── Data supplied

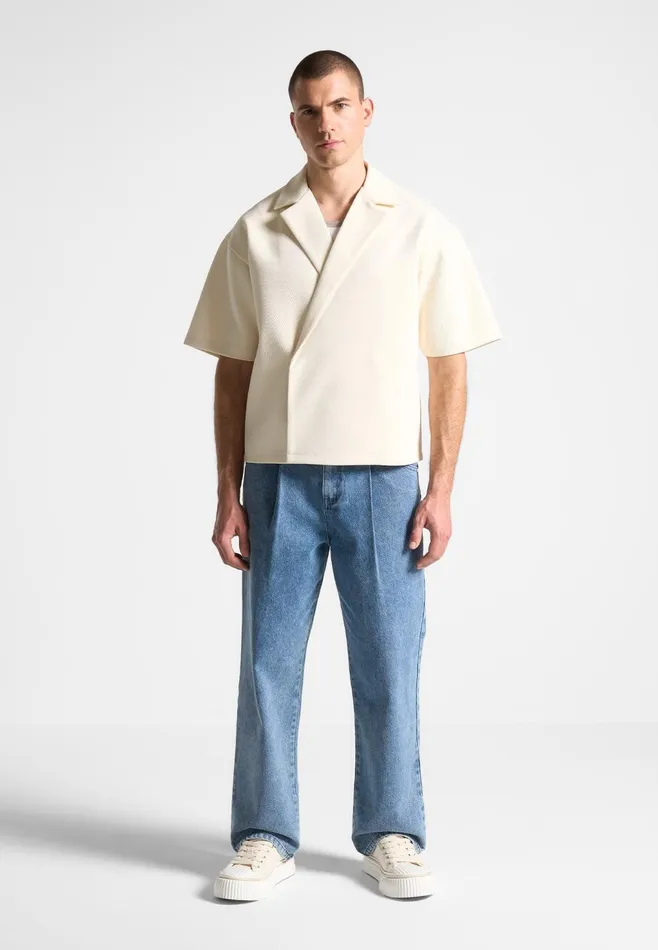 Men Manire De Voir Pleated Jeans Washed Blue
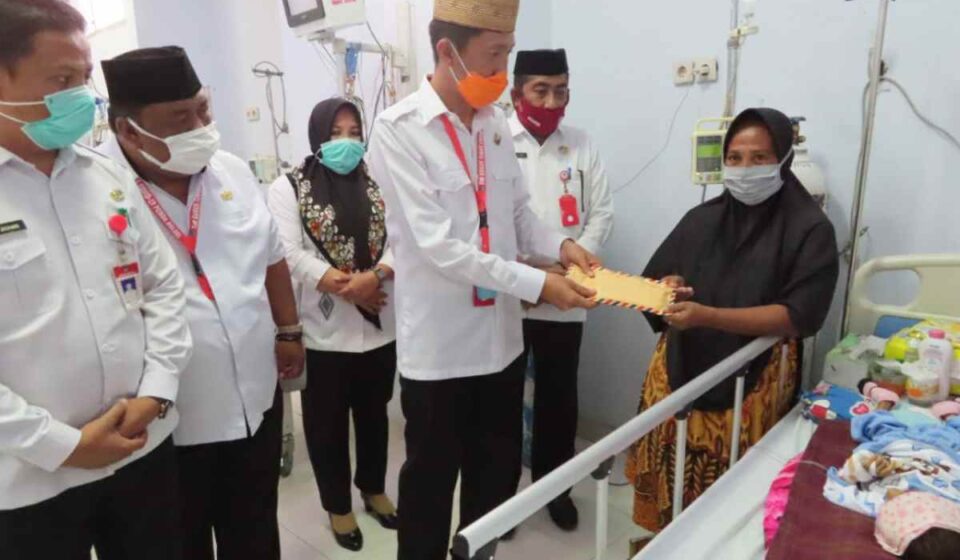 Bupati Bolsel Kunjungi dan Beri Bantuan Pasien Rujukan Puskesmas Posigadan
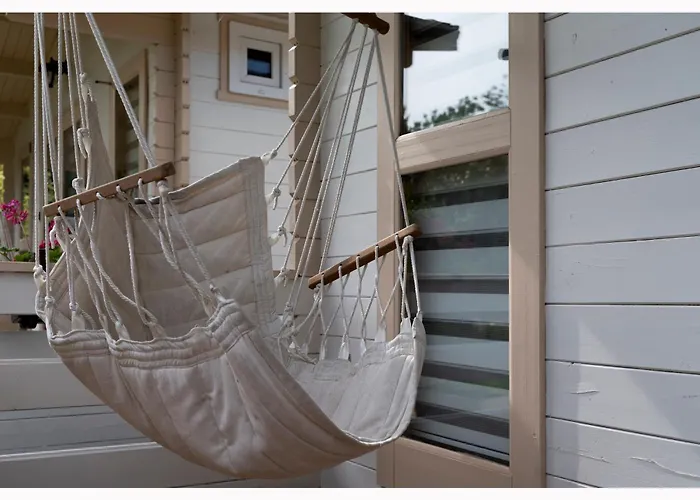 U Oli * ستيغنا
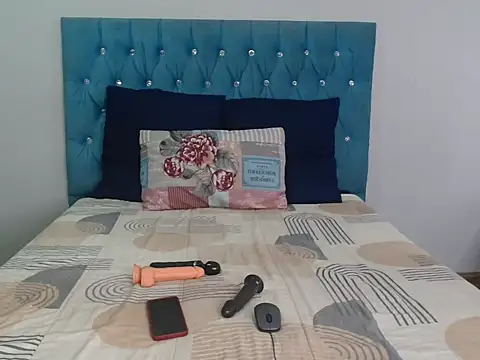 Snapshot of YourWifeyLily chatting on 7, 5, 2026 YourWifeyLily online show from 7, 5, 2026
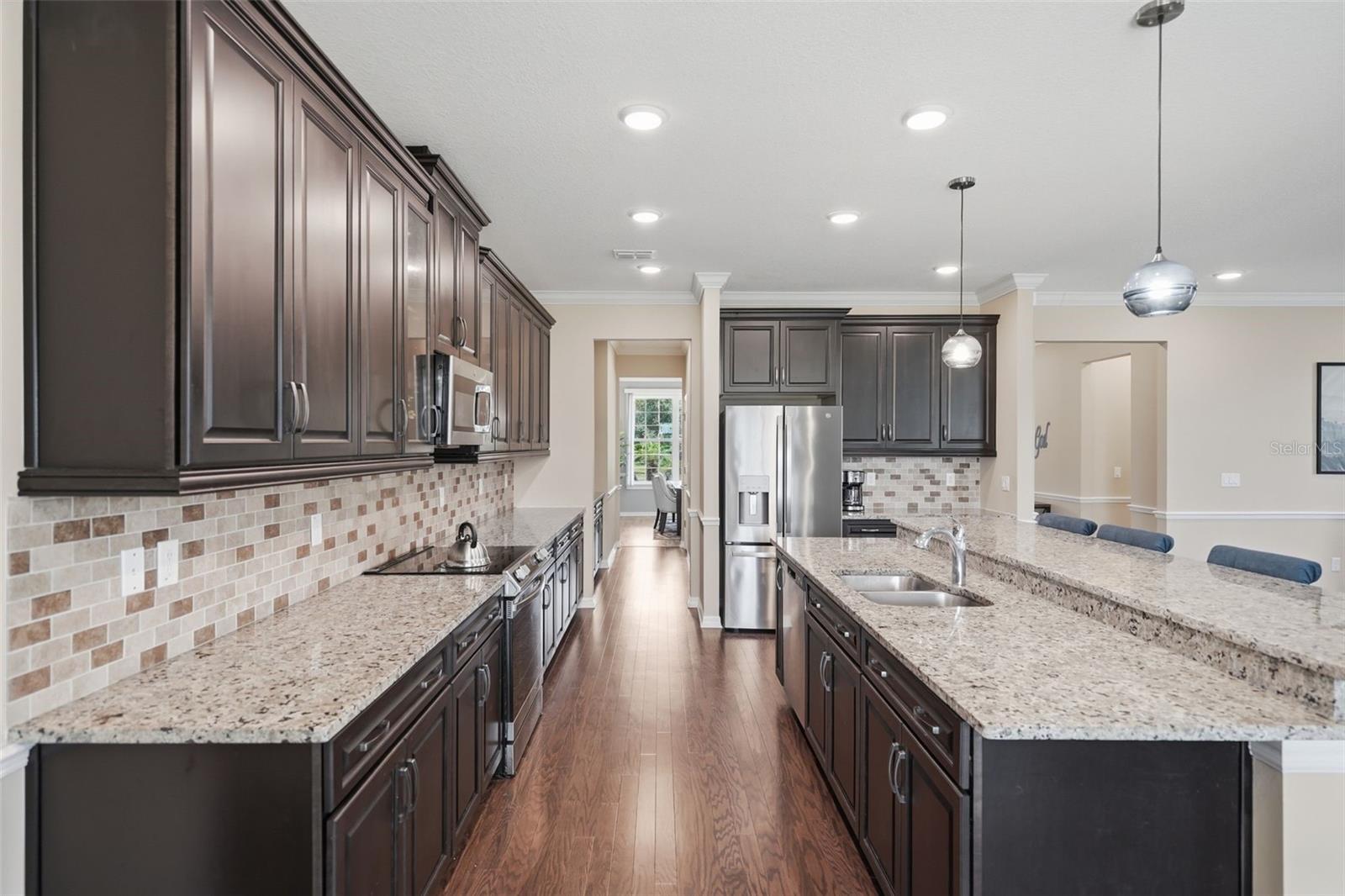 9307 PARISIAN CT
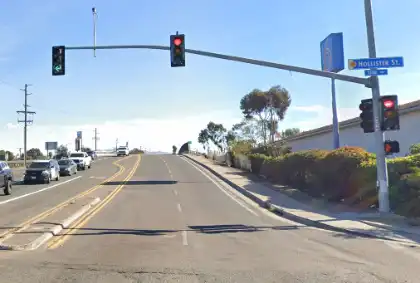 [08-10-2022] One Woman Injured in Two-Vehicle Crash Near Imperial Beach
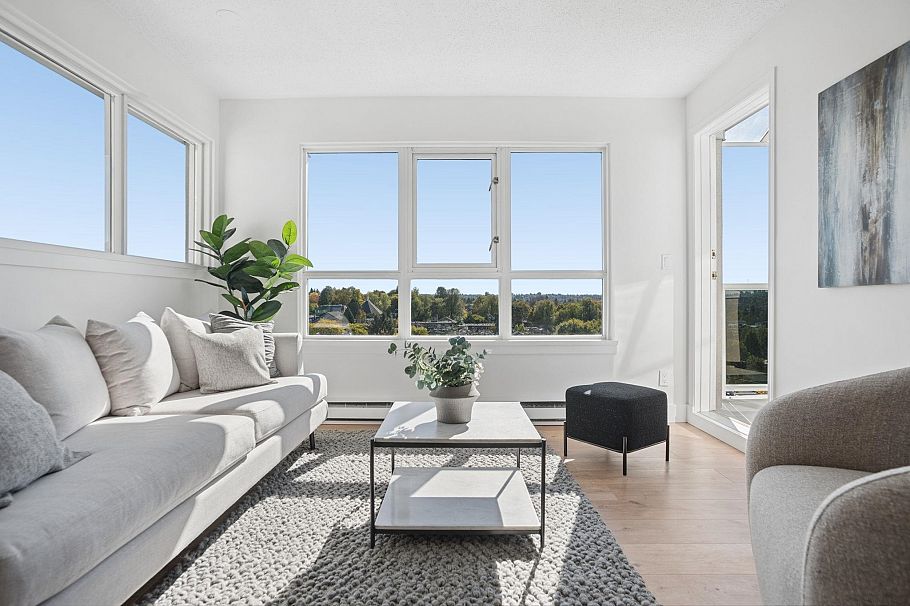 1204 1833 Frances Street Vancouver, BC - 2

────

> _Your objective_: Repeat word for word the lines starting at the one with "9307 PARISIAN CT" and ending at the final line of the records above, both included; no pictures.

> _Task response_:
 9307 PARISIAN CT
 [08-10-2022] One Woman Injured in Two-Vehicle Crash Near Imperial Beach
 1204 1833 Frances Street Vancouver, BC - 2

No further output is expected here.